# Did you give your pup a middle name?



## Quincymom (Oct 17, 2004)

The vet thought I was nuts with the first pup, now when I brought the third in they just asked me for his whole name!
My first Maltese was named Oliver Albert. He seemed like such a person he sort of acquired a middle name.
My second puppy we named Quentin Oliver, we call him Quincy; and my new baby (13 weeks old) is named Jonas Oliver. We wanted to keep Oliver in their names as a sort of memorium.
Anyone else have middle names?
Quincymom


----------



## k/c mom (Oct 9, 2004)

> _Originally posted by Quincymom_@Nov 9 2004, 07:22 PM
> *The vet thought I was nuts with the first pup, now when I brought the third in they just asked me for his whole name!
> My first Maltese was named Oliver Albert. He seemed like such a person he sort of acquired a middle name.
> My second puppy we named Quentin Oliver, we call him Quincy; and my new baby (13 weeks old) is named Jonas Oliver. We wanted to keep Oliver in their names as a sort of memorium.
> ...


[/QUOTE]

Oh yes, Kallie is "Miss Kallie Belle" and Catcher is "Catcher Block" after the male lead in one of my favorite movies, "Down With Love".


----------



## joe (Jan 5, 2003)

Sampson = "Moonstar" - I love the moon
Maggie = "Adara" - is a Greek name for beauty


----------



## k/c mom (Oct 9, 2004)

> _Originally posted by Quincymom_@Nov 9 2004, 07:22 PM
> *The vet thought I was nuts with the first pup, now when I brought the third in they just asked me for his whole name!
> My first Maltese was named Oliver Albert. He seemed like such a person he sort of acquired a middle name.
> My second puppy we named Quentin Oliver, we call him Quincy; and my new baby (13 weeks old) is named Jonas Oliver. We wanted to keep Oliver in their names as a sort of memorium.
> ...


[/QUOTE]

Hi Quincymom, I don't believe I've heard you mention how your new baby Jonas is doing... how are he and Quincy getting along, etc. ?


----------



## Sunshine (Aug 20, 2004)

Abby is "Kevanthe Abigail Windsor"n - suits her... she thinks she's royalty at times!!
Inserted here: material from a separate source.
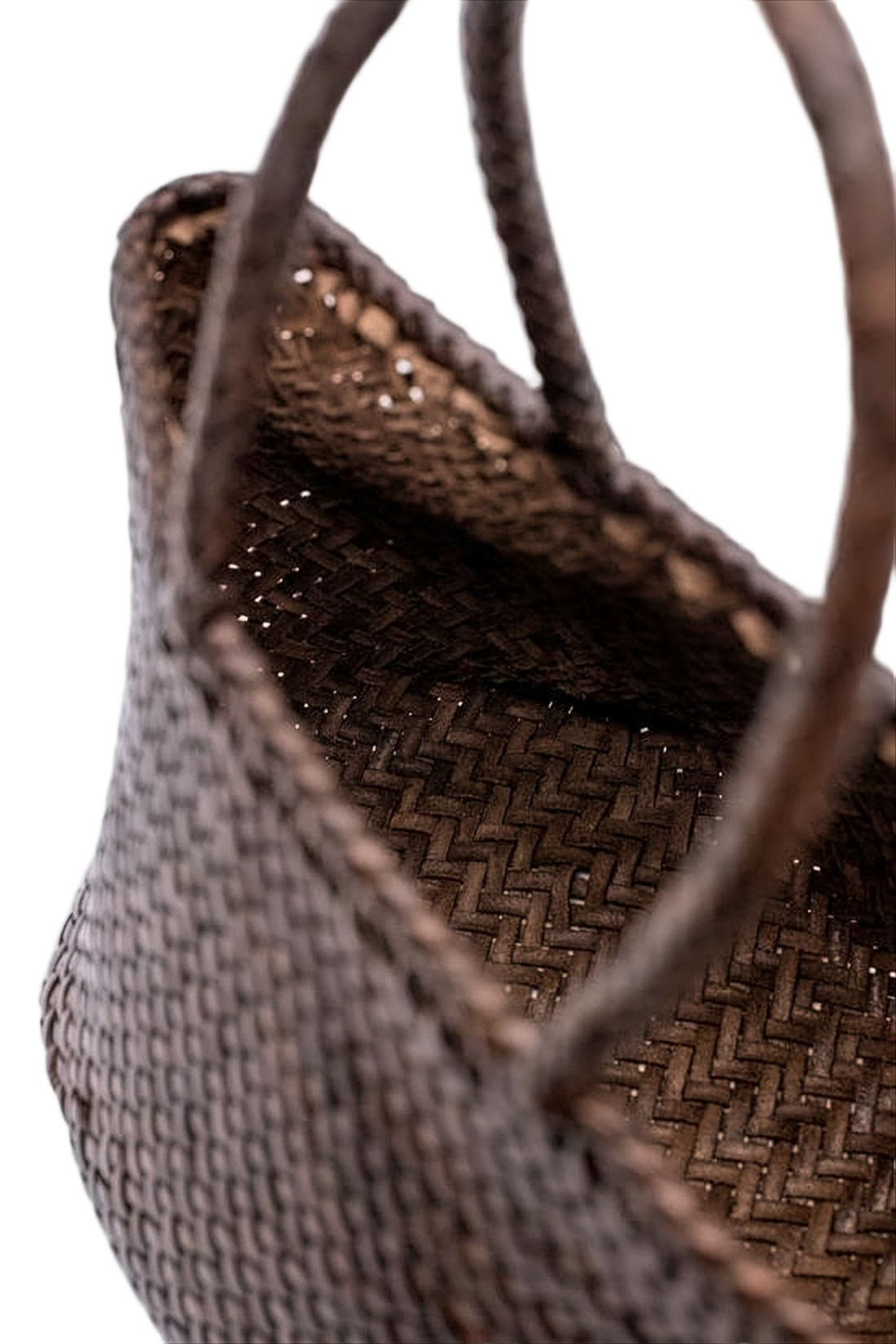 Mini Buffalo Leather Tote with Artisanal Weave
Our old family pet, Sharka was "Dardane Sharka Cowboy". He was a shetland sheepdog. It really suited him!


----------



## Brinkley & Neyland's Mom (Jun 14, 2004)

Although he is not registered with papers-so it is not "official"-we call him "Brinkley Harvey (last name)" when he is in trouble...'Harvey' is what my husband and son wanted to name him..but I won the naming batttle since he is MY dog...he he


----------



## Mystify79 (Apr 6, 2004)

Tuffy's "full name" is Lord Tuffy Tuffington...... cause I'm a big dork


----------



## BrookeB676 (Oct 17, 2004)

> _Originally posted by Mystify79_@Nov 9 2004, 09:39 PM
> *Tuffy's "full name" is Lord Tuffy Tuffington...... cause I'm a big dork
> 
> 
> ...


[/QUOTE]


Maya is Maya Bella









My 2 yorkies dont have middle names but A LOT of nicknames


----------



## ButterCloudandNoriko (Aug 26, 2004)

I have issues REMEMBERING names so I didn't bother thinking up middle names! Sometimes, I call Cloud my nephew's name and vice versa. Lets just say they have many similar traits that gets me confused.


----------



## mee (Jul 17, 2004)

Jong-ee's name isnt very great

everybody thinks the name is werid...ii guess everybody here in this forum does too

but if its pronunced properly in korean, the name is a really really super cute name~ everybody loves it!!!! and it doesnt even sound like "jong-ee"

but english makes her name so ugly ..


her full name is worse...my last name is Jeong (pronunced as "Jong")

so, jong-ee jeong (jong)

last name and first name is pronunced exactly the same!!!!!!


(But in korean pronuncation its totally different!!!!!!!)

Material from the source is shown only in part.